Which brings me to today's data release from BLS — and an unemployment rate forecast I've been tracking for over two years (click to enlarge):
Note that the model works not only for other countries (like Australia), but also different time series such as the prime age labor force participation rate also released today:
That is to say the dynamic information equilibrium model (DIEM) has demonstrated some degree of external validity. This basically obviates any talk about whether DSGE models, ABMs, or other macro models can be useful for "understanding" if they do not accurately forecast. There are models that accurately forecast — that is now the standard. If the model does not accurately forecast, then it lacks external validity which means it cannot have internal validity — we can ignore it .
That said, the DSGE model from FRB NY has been doing fairly well with inflation for bit over a year ... so even discussion of whether a DSGE model has to forecast accurately is obviated even if you are only considering DSGE models. They have to now — at least a year. This one has.

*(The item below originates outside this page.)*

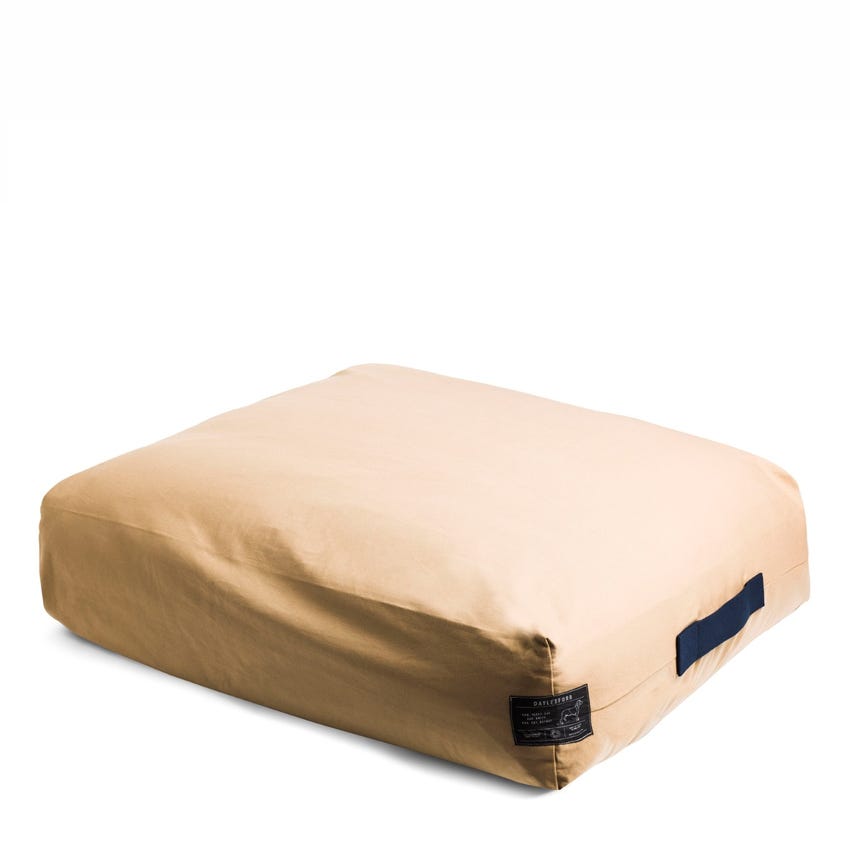 Lucky Dog Bed Sand Large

 Often people bring up microfoundations as a kind of logical consistency. A DSGE model has microfoundations, so even if it doesn't forecast exactly right the fact that we can fit macro data with a microfounded DSGE model provides some kind of understanding.

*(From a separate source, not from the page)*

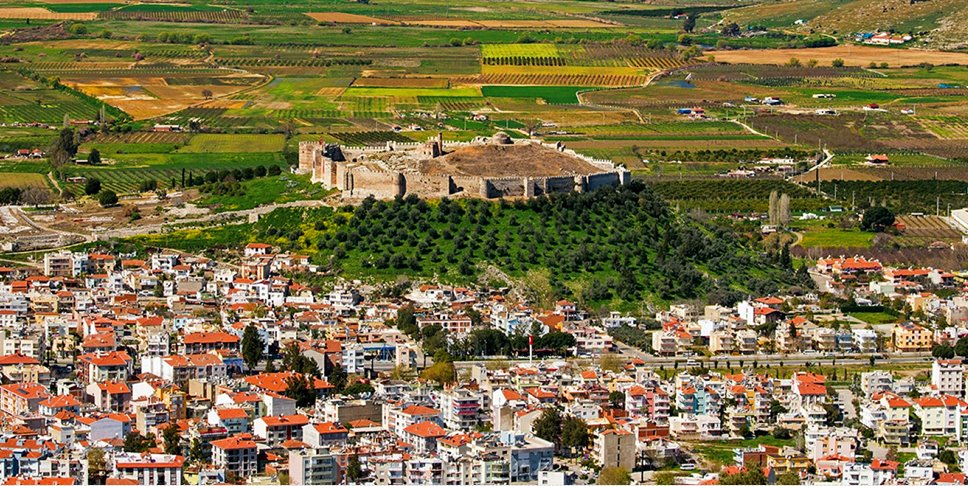 Bu isimler tesadüf değil: İşte İzmir'in ilçelerinin bilinmeyen hikayeleri...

The reasoning is that we're extrapolating from the micro scale (agents, microfoundations) to the macro scale. It's similar to "external validity" except instead of moving to a different time (i.e. forecasting) or a different space (i.e. other countries), we are moving to a different scale. In physics, there's an excellent example of doing this correctly — in fact, it's related to my thesis. The quark model (QCD) is kind of like a set of microfoundations for nuclear physics. It's especially weird because we cannot really test the model very well at the micro scale (though recent lattice calculations have been getting better and better). The original tests of QCD came from extrapolating from the different energy scales (in the diagram below, Q²) using evolution equations. QCD was quite excellent at describing the data (click to enlarge):
Measurement of the structure function of a nucleon at one scale allows QCD to tell us what it looks like at another scale. We didn't prove QCD to be a valid description of reality at the scale it was formulated at in terms of quarks and gluons ("microfoundations"), but rather we extrapolated to different scales — external validity. Other experiments confirmed various properties of the quark microfoundations, but this experiment was one that confirmed the whole structure of QCD.
But we can in fact measure various aspects of the microfoundations of economics — humans, unlike quarks, are readily accessible without building huge accelerators. These often turn out to be wrong. But more importantly, the DSGE models extrapolated from these microfoundations do not have external validity — they don't forecast and economists don't use them to predict things at other scales (AFAICT) like, say, predicting state by state GDP.
What's weird is that the inability to forecast is downplayed, and the macro models are instead seen as providing some kind of "understanding" because they incorporate microfoundations, when in actuality the proper interpretation of the evidence and the DSGE construction is that either the microfoundations or the aggregation process are wrong. The only wisdom you should gain is that you should try something else.